▶ [What this task involves]: Beginning at the line that holds "Onalaska, TX 77360" and continuing to the last line of the data below, transcribe every line word for word, without pictures.

━━ Supplied information ━━

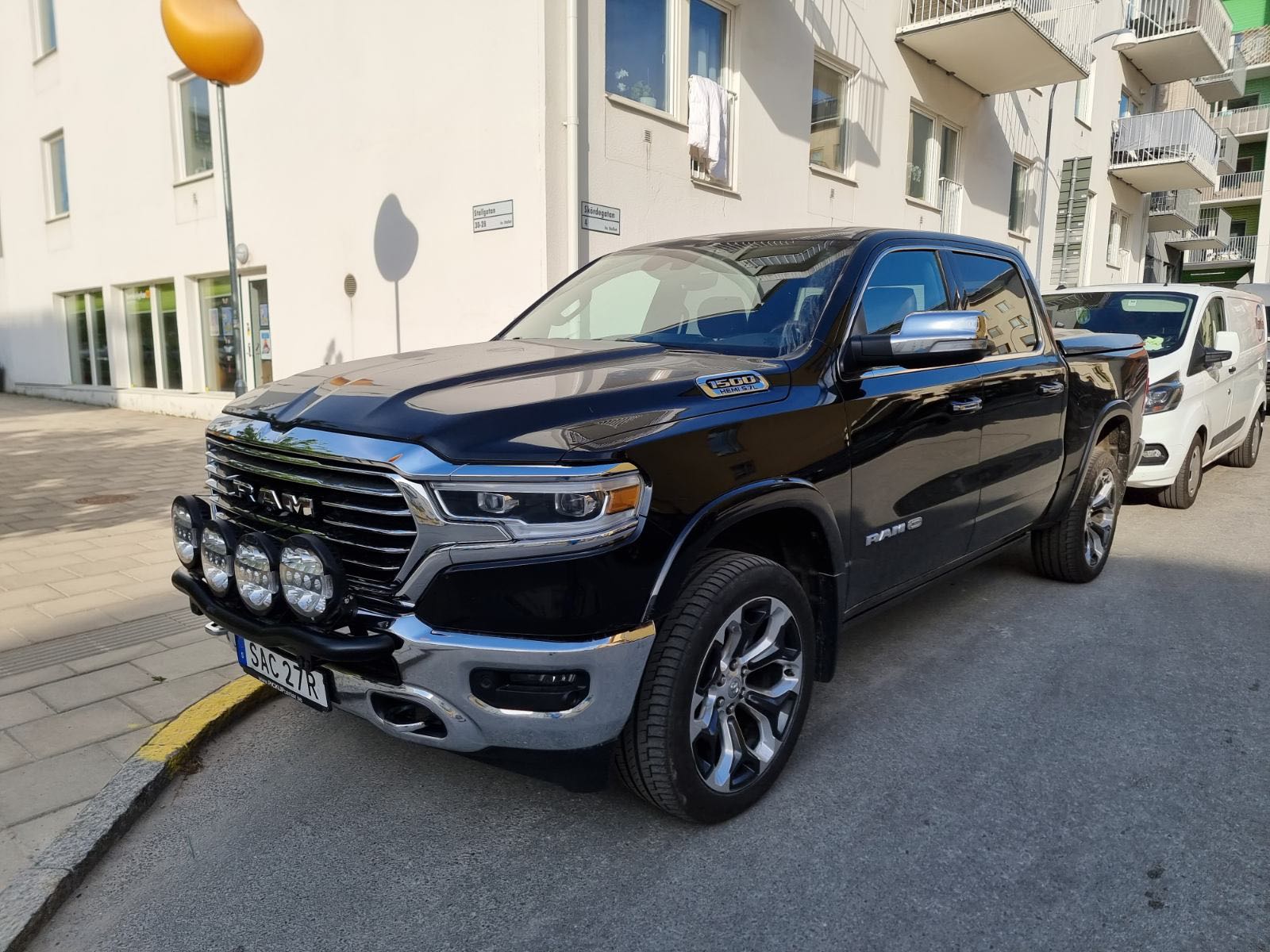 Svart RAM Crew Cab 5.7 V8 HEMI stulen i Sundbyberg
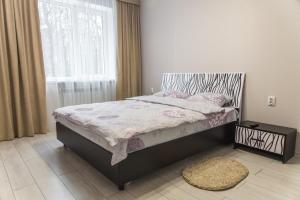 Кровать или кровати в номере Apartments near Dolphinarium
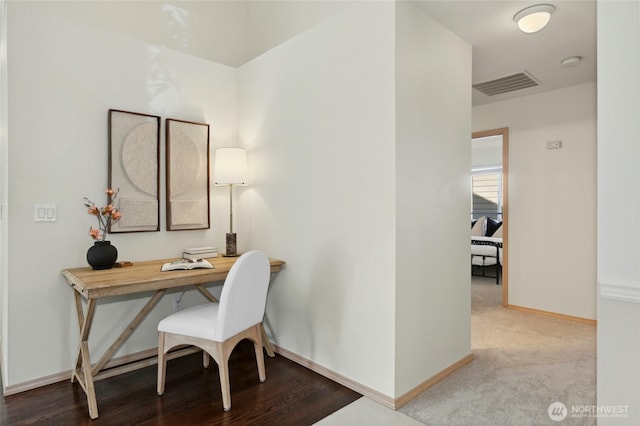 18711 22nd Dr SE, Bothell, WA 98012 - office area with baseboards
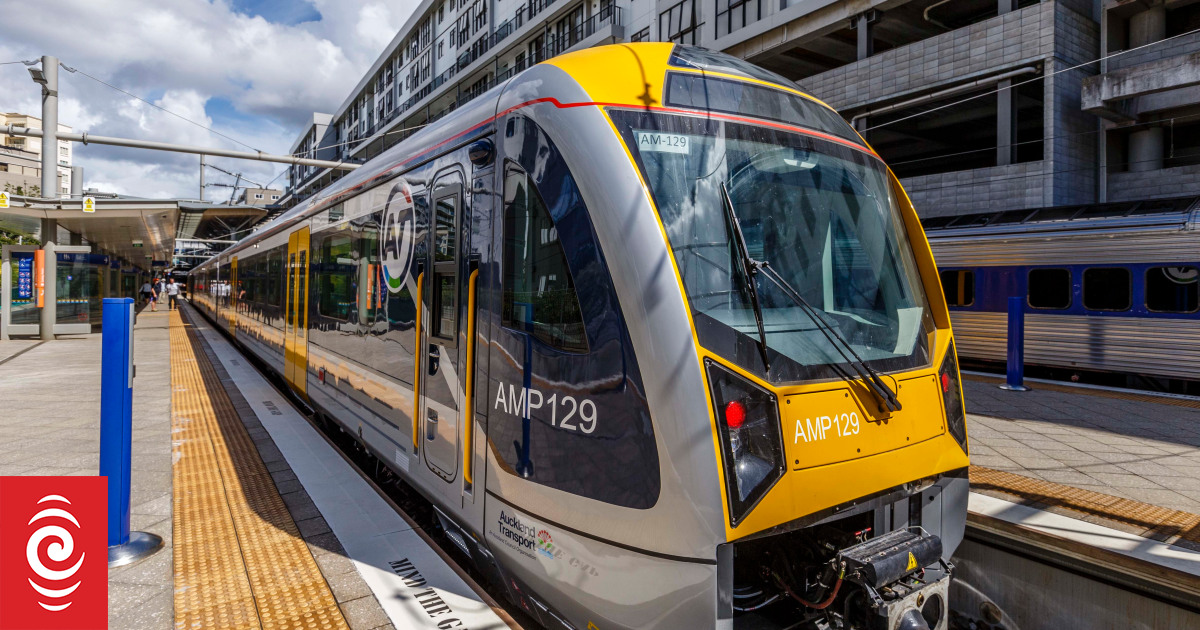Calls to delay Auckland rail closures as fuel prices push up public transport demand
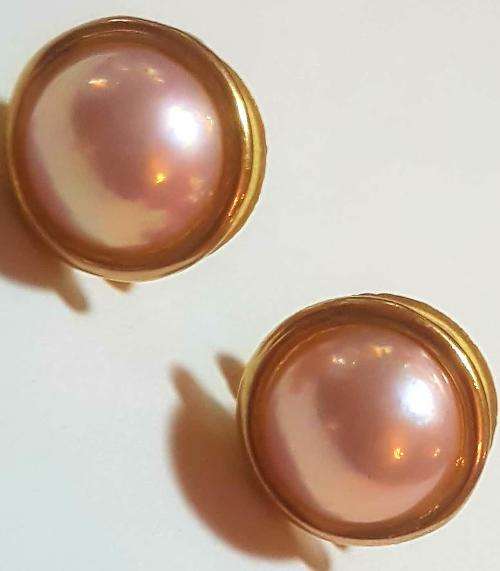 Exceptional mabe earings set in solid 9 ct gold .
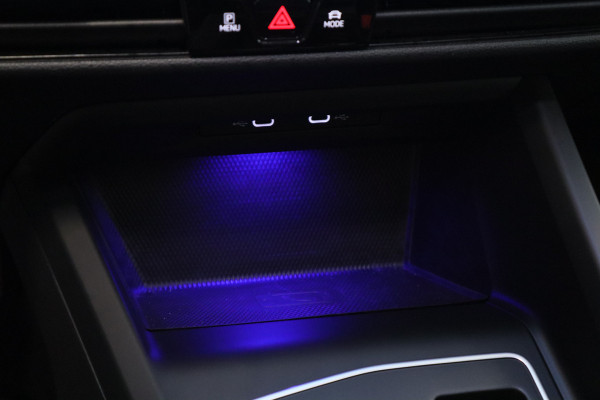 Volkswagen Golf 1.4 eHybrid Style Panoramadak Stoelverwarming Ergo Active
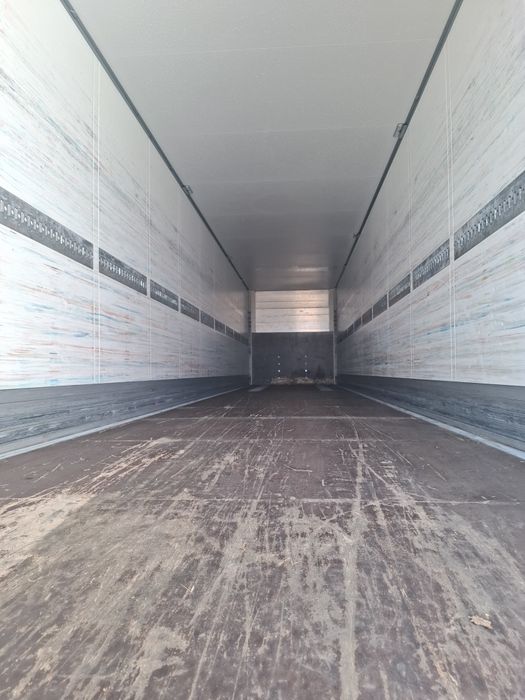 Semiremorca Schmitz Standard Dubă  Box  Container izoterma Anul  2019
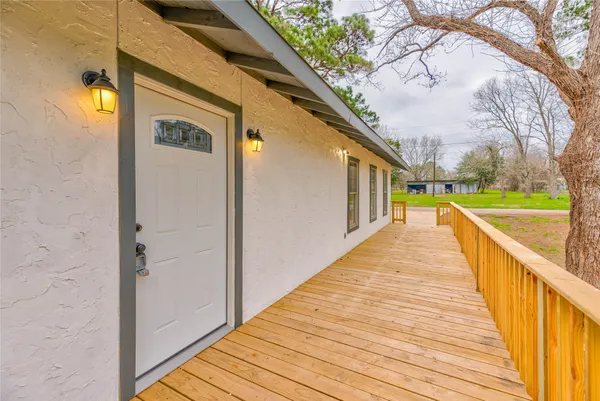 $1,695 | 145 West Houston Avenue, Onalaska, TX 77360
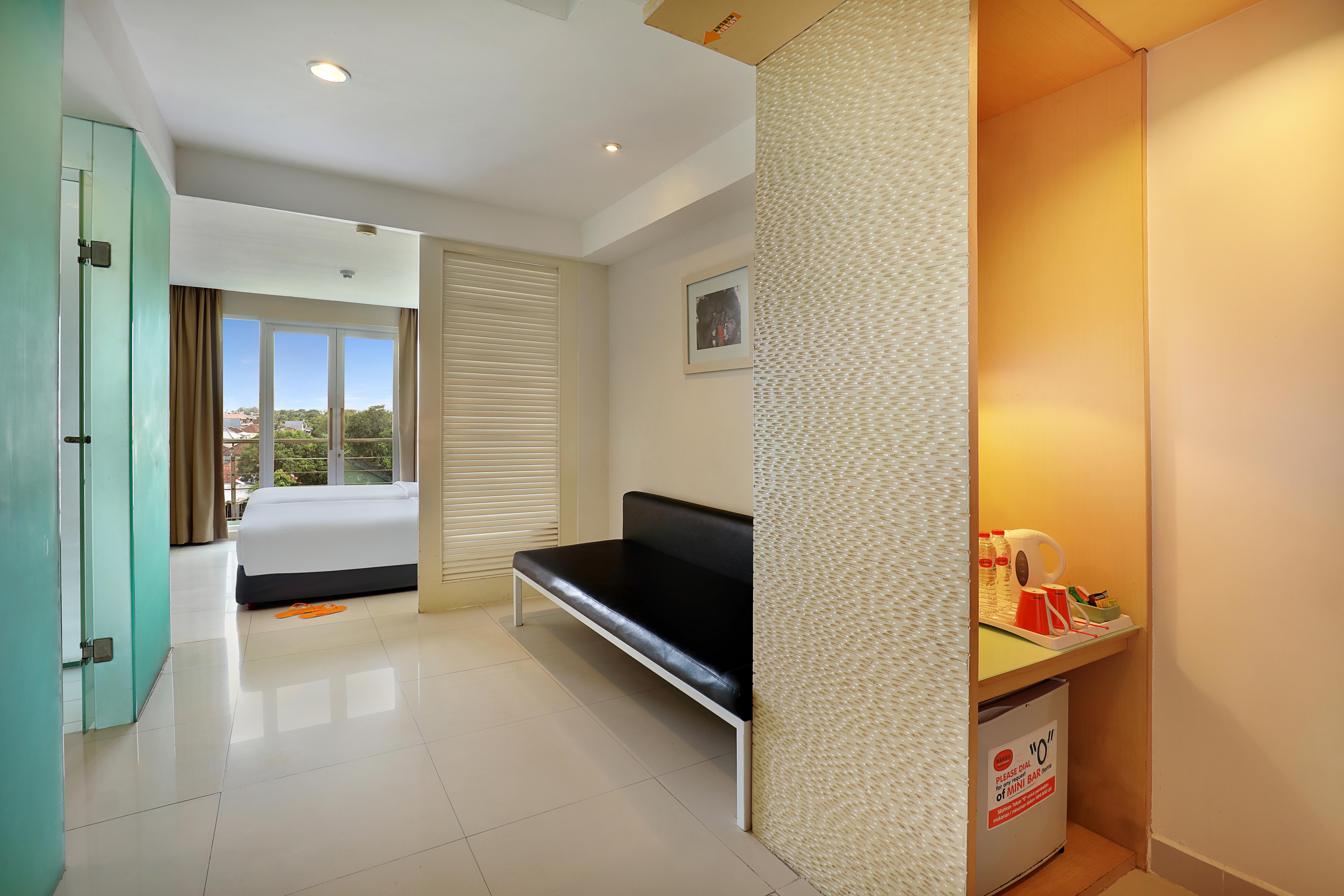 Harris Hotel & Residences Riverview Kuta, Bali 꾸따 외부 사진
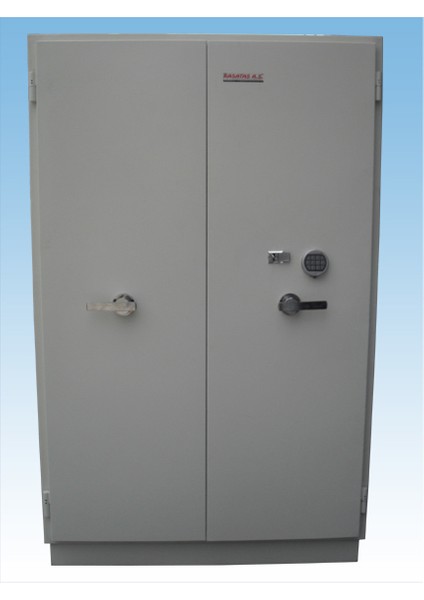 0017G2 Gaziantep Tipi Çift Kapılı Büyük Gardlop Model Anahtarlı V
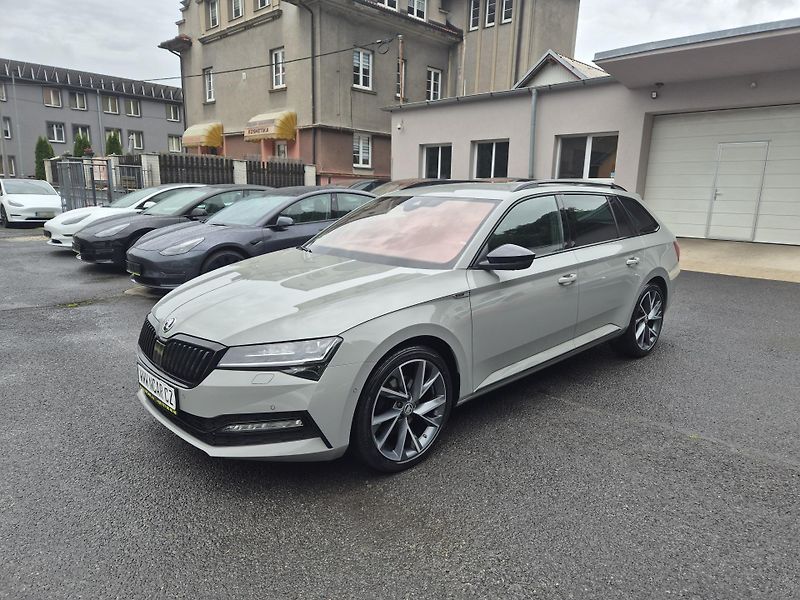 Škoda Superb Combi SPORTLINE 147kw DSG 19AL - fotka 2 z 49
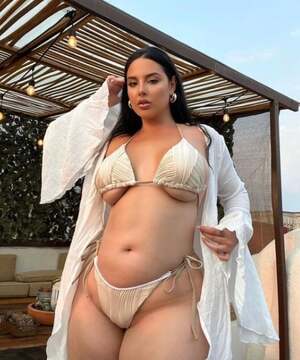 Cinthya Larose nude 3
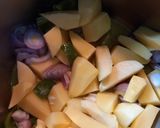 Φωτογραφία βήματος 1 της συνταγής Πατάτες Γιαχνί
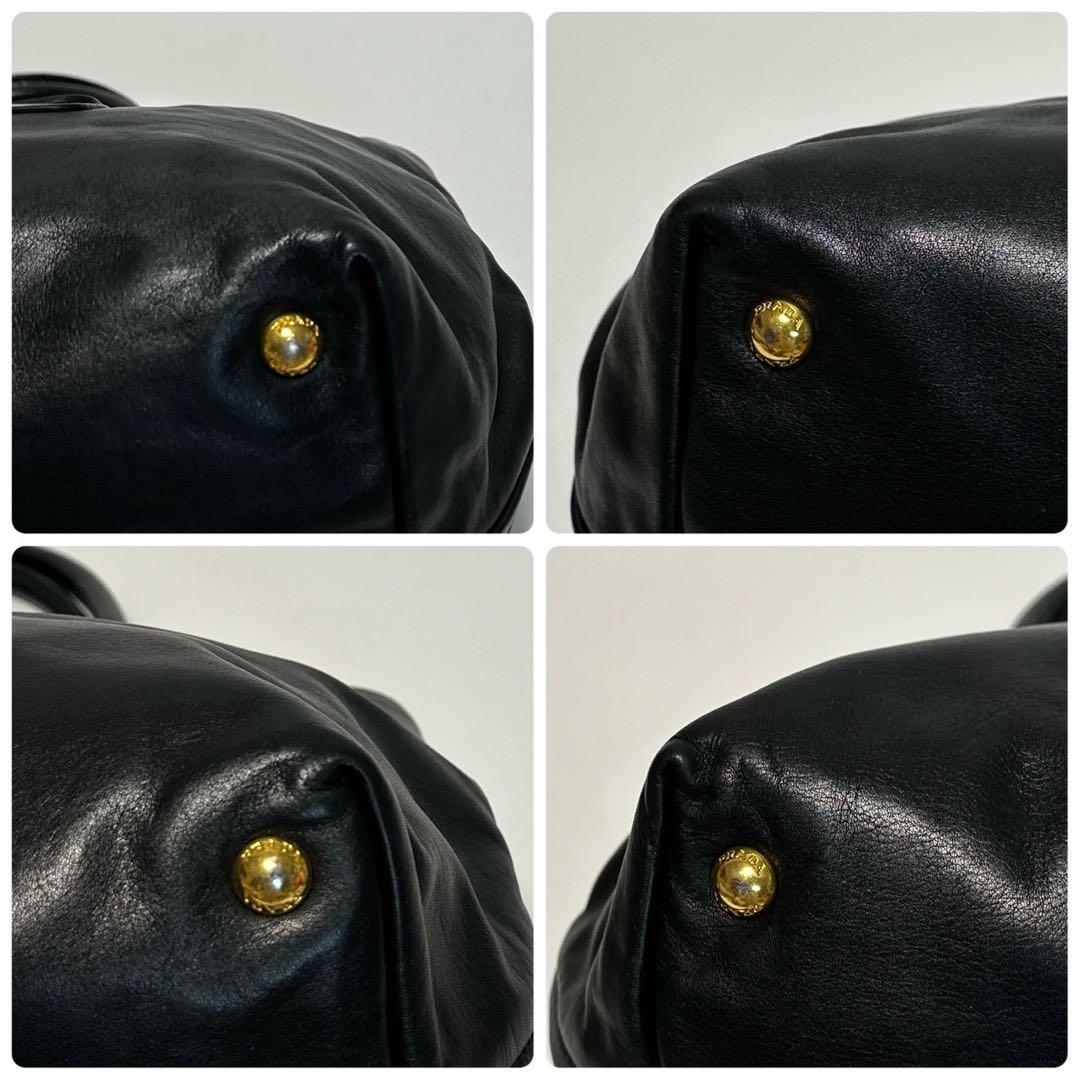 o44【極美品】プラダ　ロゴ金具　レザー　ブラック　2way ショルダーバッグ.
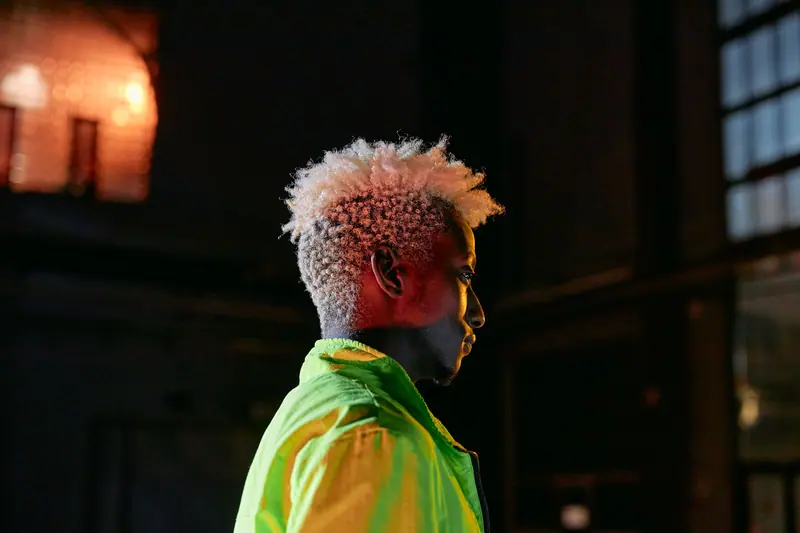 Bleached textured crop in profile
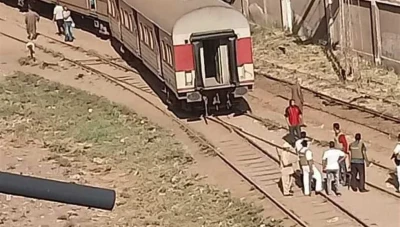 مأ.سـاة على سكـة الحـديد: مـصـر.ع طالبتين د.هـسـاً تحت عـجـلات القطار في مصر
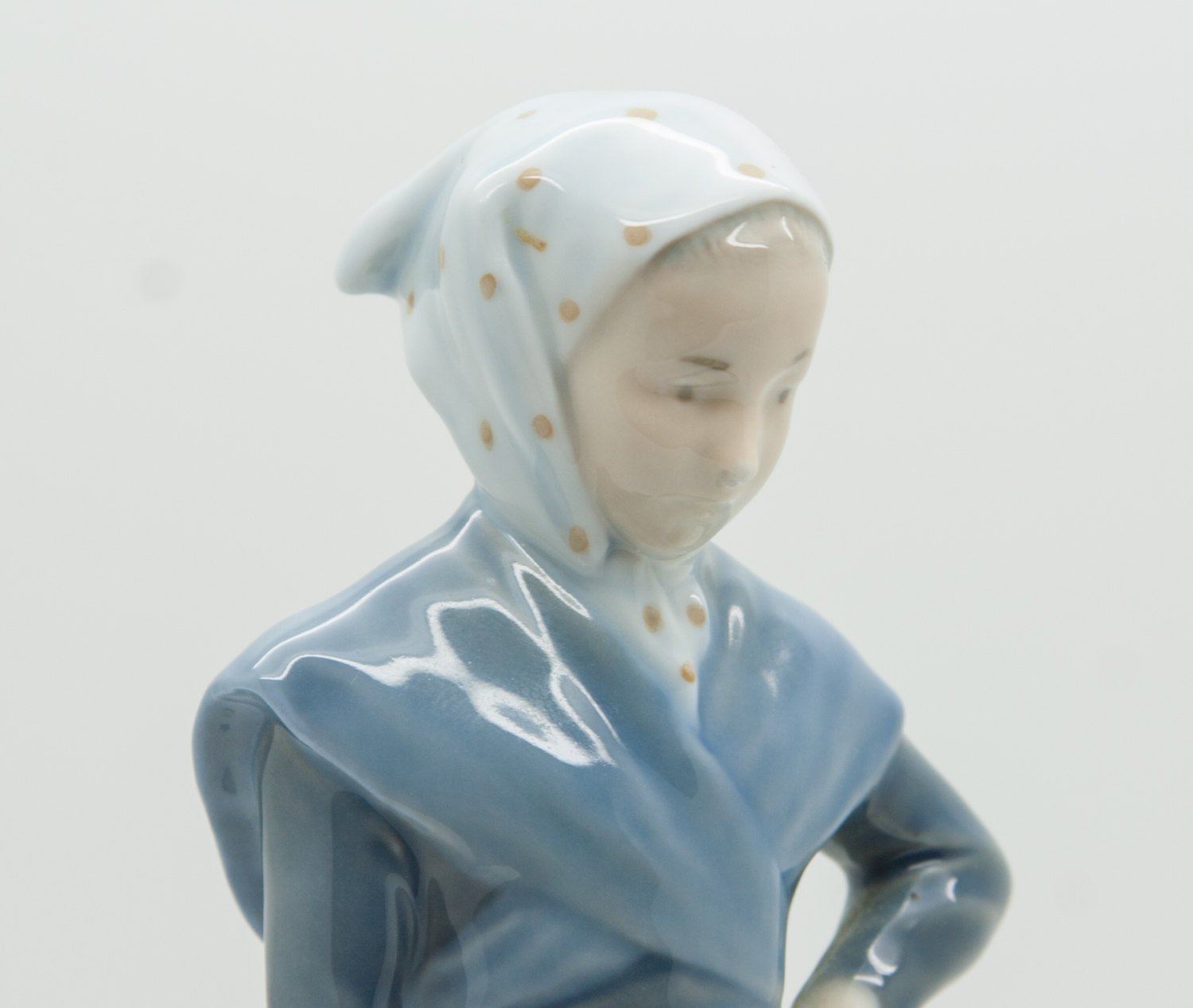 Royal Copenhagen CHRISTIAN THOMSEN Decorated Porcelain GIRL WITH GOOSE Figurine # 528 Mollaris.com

━━━

▶ [Exercise solution]:
 $1,695 | 145 West Houston Avenue, Onalaska, TX 77360
 Harris Hotel & Residences Riverview Kuta, Bali 꾸따 외부 사진
 0017G2 Gaziantep Tipi Çift Kapılı Büyük Gardlop Model Anahtarlı V
 Škoda Superb Combi SPORTLINE 147kw DSG 19AL - fotka 2 z 49
 Cinthya Larose nude 3
 Φωτογραφία βήματος 1 της συνταγής Πατάτες Γιαχνί
 o44【極美品】プラダ　ロゴ金具　レザー　ブラック　2way ショルダーバッグ.
 Bleached textured crop in profile
 مأ.سـاة على سكـة الحـديد: مـصـر.ع طالبتين د.هـسـاً تحت عـجـلات القطار في مصر
 Royal Copenhagen CHRISTIAN THOMSEN Decorated Porcelain GIRL WITH GOOSE Figurine # 528 Mollaris.com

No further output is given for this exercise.